▶ WHAT YOU NEED TO DO
For the data below, give again exactly the lines from the one containing "Оренда 3-кім квартири" through the one containing "三鲜馄饨-珊珊小笼馆(仙霞路店)", both ends included, and no others.

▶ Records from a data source
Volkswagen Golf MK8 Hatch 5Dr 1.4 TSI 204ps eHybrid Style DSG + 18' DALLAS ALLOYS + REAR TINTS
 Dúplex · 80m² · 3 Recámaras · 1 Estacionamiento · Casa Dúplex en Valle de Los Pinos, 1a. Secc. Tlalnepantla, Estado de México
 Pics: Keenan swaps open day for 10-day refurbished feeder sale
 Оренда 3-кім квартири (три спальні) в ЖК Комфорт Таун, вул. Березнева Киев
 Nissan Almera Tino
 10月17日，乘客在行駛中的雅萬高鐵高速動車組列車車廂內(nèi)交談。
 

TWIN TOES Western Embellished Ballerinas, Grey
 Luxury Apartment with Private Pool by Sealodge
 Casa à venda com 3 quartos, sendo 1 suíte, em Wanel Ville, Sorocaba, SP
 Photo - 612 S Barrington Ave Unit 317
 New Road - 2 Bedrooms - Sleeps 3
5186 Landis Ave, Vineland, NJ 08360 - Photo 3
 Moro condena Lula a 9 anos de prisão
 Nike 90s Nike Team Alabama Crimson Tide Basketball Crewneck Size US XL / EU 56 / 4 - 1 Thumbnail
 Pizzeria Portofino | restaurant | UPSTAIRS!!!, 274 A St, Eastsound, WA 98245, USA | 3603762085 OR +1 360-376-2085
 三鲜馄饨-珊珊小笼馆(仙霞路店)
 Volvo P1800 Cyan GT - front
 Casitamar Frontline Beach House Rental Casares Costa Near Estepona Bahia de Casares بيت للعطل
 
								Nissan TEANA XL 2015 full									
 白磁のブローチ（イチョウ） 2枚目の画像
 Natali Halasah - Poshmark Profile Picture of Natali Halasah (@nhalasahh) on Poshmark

▶ ANSWER TO THIS EXERCISE
 Оренда 3-кім квартири (три спальні) в ЖК Комфорт Таун, вул. Березнева Киев
 Nissan Almera Tino
 10月17日，乘客在行駛中的雅萬高鐵高速動車組列車車廂內(nèi)交談。
 

TWIN TOES Western Embellished Ballerinas, Grey
 Luxury Apartment with Private Pool by Sealodge
 Casa à venda com 3 quartos, sendo 1 suíte, em Wanel Ville, Sorocaba, SP
 Photo - 612 S Barrington Ave Unit 317
 New Road - 2 Bedrooms - Sleeps 3
5186 Landis Ave, Vineland, NJ 08360 - Photo 3
 Moro condena Lula a 9 anos de prisão
 Nike 90s Nike Team Alabama Crimson Tide Basketball Crewneck Size US XL / EU 56 / 4 - 1 Thumbnail
 Pizzeria Portofino | restaurant | UPSTAIRS!!!, 274 A St, Eastsound, WA 98245, USA | 3603762085 OR +1 360-376-2085
 三鲜馄饨-珊珊小笼馆(仙霞路店)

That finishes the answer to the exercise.